Mas o objetivo não é criticar os planos de governo dos candidatos, mas discorrer sobre a forma de fazer política por aqui, bem diferente da brasileira. Primeiramente me surpreendeu a quantidade de TVs, Rádios e Jornais que se interessam por política (não existe horário político gratuito na França, mas a maioria dos meios de comunicação são públicos), não existe propaganda política na mídia, mas existem extensivos debates, críticas, “mesas redondas”, que abordam as opiniões de TODOS os candidatos quase que com o mesmo tempo de exposição. Houve 10 candidatos à presidência, e posso dizer que pelo menos seis deles estavam todos os dias na mídia, se não eles, mas membros de seu partido discutiam planos, projetos, assuntos polêmicos como emprego, dívida pública, imigração, religião e etc. Foi quando eu comecei a fazer uma triste comparação com o Brasil.

Horário político gratuito (não democrático), excesso de propaganda nas ruas (mesmo se a lei não permita, ainda há os que se arriscam), comícios onde o objetivo não é ouvir o candidato, mas ver o show da banda que você gosta (sim, bandas são contratadas para fazer comícios), tempo escasso nos debates para TODOS os candidatos (só para lembrar, estamos numa democracia), debates manipulados (como não se lembrar da manipulação da Globo nas eleições Collor x Lula?), tudo que infelizmente vem minando nosso sistema eleitoreiro.

É triste para um país que possui avanços enormes como a urna eletrônica, mas atrasos como o voto obrigatório. Além da demora de uma reforma política e mais democrática. Podíamos aprender com o velho mundo a fazer política, não à politicagem e sim à liberdade e igualdade na política. Dessa forma formaremos cidadãos mais conscientes de seus atos e votos.

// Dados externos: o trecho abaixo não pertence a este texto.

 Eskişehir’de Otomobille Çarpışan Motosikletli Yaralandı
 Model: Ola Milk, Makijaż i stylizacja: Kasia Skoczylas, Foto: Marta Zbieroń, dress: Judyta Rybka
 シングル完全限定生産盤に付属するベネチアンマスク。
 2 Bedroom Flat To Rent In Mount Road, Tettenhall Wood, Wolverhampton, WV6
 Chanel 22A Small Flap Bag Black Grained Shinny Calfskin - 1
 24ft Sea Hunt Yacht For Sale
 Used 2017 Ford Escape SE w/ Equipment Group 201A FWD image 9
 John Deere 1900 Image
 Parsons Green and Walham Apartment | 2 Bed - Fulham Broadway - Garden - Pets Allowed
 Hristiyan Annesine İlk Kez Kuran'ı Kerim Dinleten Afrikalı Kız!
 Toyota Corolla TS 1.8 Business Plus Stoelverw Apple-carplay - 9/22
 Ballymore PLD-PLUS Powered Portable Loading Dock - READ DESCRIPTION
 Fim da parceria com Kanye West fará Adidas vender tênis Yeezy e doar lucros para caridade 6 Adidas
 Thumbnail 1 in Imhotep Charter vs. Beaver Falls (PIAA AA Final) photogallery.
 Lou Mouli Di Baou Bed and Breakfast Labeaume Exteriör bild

Mas será que parte disso não é culpa nossa? Do povo? Não damos valor para a democracia, alimentamos o sistema bipolar político brasileiro e terminamos sempre dizendo “isso nunca vai mudar, político é tudo igual”. Para quem se interessa por política vale a pena acompanhar de perto, não é só de torres, vinhos e queijos que são feitos os franceses, é de se admirar a consciência política do povo francês. Nessa eleição houve 20% de abstenção (o voto não é obrigatório), um número relativamente pequeno para um país do tamanho da França.

A bientôt.

Filipe

Ps. Foi a única foto que eu consegui de todos os candidatos, essas placas são expostas na frente de todos os locais de votação.

Sites úteis sobre política francesa/europeia: Na França: http://www.lemonde.fr (Periódico conhecido no mundo todo, tem um viés político e não possui um lado declarado, diferente do Figaro (direita) e do Liberation (esquerda) se você estiver procurando uma visão “neutra” das coisas, mas estão todos em francês).

Para os que gostam de uma leitura mais carregada, recomendo o Le Monde Diplomatique Brasil (À venda em quase todas as bancas por aproximadamente 10 reais, é uma revista mensal sobre política, economia, cultura, entre outros assuntos, é a versão Brasileira da revista Francesa).